Live in London
Slice o' Life
Two Canadians, both folk-based songwriters known for weaving personal, topical and spiritual yarns into distinctive musical tapestries, have released new double-disc concert recordings that are compelling career retrospectives as well as revealing snapshots of where their music sits today.
Recorded last July, Leonard Cohen's Live in London is probably the more remarkable of the two only because it's an album no one expected to hear. After a 1994 tour, Cohen retreated to a Zen monastery and became an ordained Buddhist monk. Now that's what you call getting out of the business.
"I've studied deeply in the philosophies of the religions," Cohen tells his audience near the onset of Live in London. "But cheerfulness kept breaking through."
Reciting songs in a weathered, whispery and half-spoken baritone, Cohen is a gracious and subdued performer on the album and seems to inhabit fully the spiritual consciousness of his music, as in the ambient gospel reworking of Bird on a Wire. But the darkness is never shunned in Cohen's world, as shown during the still-chilling The Future ("I have seen the future, brother. It is murder.")
The distant romanticism and youthful drama from the decades-old studio versions of songs resurrected for Live in London have faded. But then, Cohen is now 74, a fact reflected with bittersweet whimsy during an introduction to the almost carnal Ain't No Cure for Love. Of his previous visit to a London stage, Cohen tells the crowd, "I was 60 years old... just a kid with a crazy dream."

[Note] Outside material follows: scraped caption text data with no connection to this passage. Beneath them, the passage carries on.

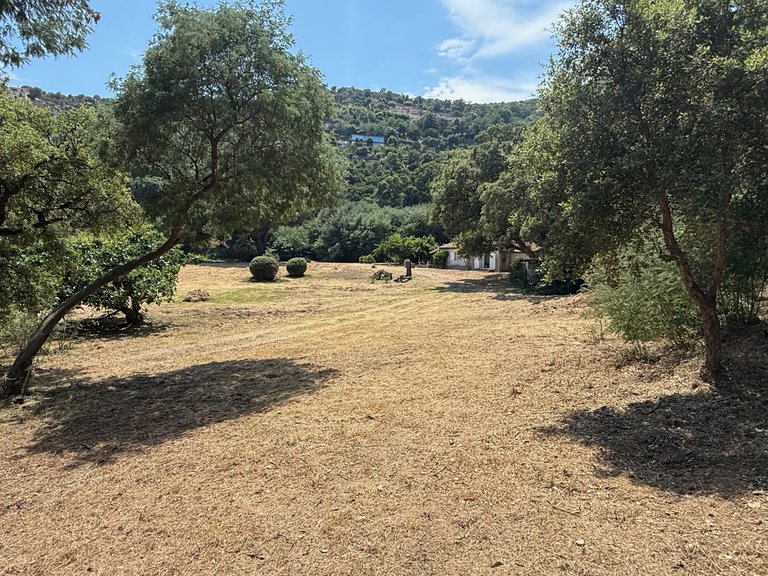 Villa for Sale in Cavalaire Sur Mer, Provence Coast (cassis To Cavalaire) 8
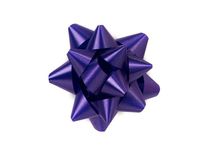 Poly Star Gift Bows - Purple Small Star Gift Bows 2-1/2" Bows - 100% Polypropylene (8 Packs; 48 Bows Per Pack) - WRAPS-BS3PU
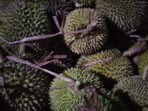 Besok, 2000 Durian Bakal Hiasi Festival di Lombang, Gratis!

But there is still incredible elegance to this music, even if mortality hangs in its shadow. Death and romance mingle on Take This Waltz, an ominous bass groove percolates throughout the still desolate First We Take Manhattan and, in the devastating finale of I Tried to Leave You, Cohen's nine-member band becomes a sort of doomsday cabaret that colors gray remains of ruined love ("Goodnight, my darling. I hope you're satisfied.").
Bruce Cockburn is less mystical, more forgiving and equally emotive on his fourth concert album, Slice o' Life. But this new musical journey has no guest list.
The solo acoustic setting, which Cockburn has employed regularly through the years, enhances the dynamics of his continually under appreciated guitar work (the extraordinary instrumental The End of All Rivers), illuminates the narratives of his political postcard songs (the still brilliant Tibetan Side of Town) and warms the sense of repose in more earthy jaunts (Mama Just Wants to Barrelhouse All Night Long).
The favorites are here, too, including Lovers in a Dangerous Time and If I Had a Rocket Launcher. But so are a fistful of less obvious delights, such as the pensive romanticism of Pacing the Cage and the Americana implosion of Kit Carson.
Like Cohen, Cockburn, 63, also offers a few between-song sagas. The wildest, The Mercenary, deals with a summer job offer during college years to work as a gun runner in Central America. "I was 18 years old and didn't have a very well-developed sense of the moral implications."
Feeling "under-qualified," Cockburn declined. "And here we are, here we all are, as a result."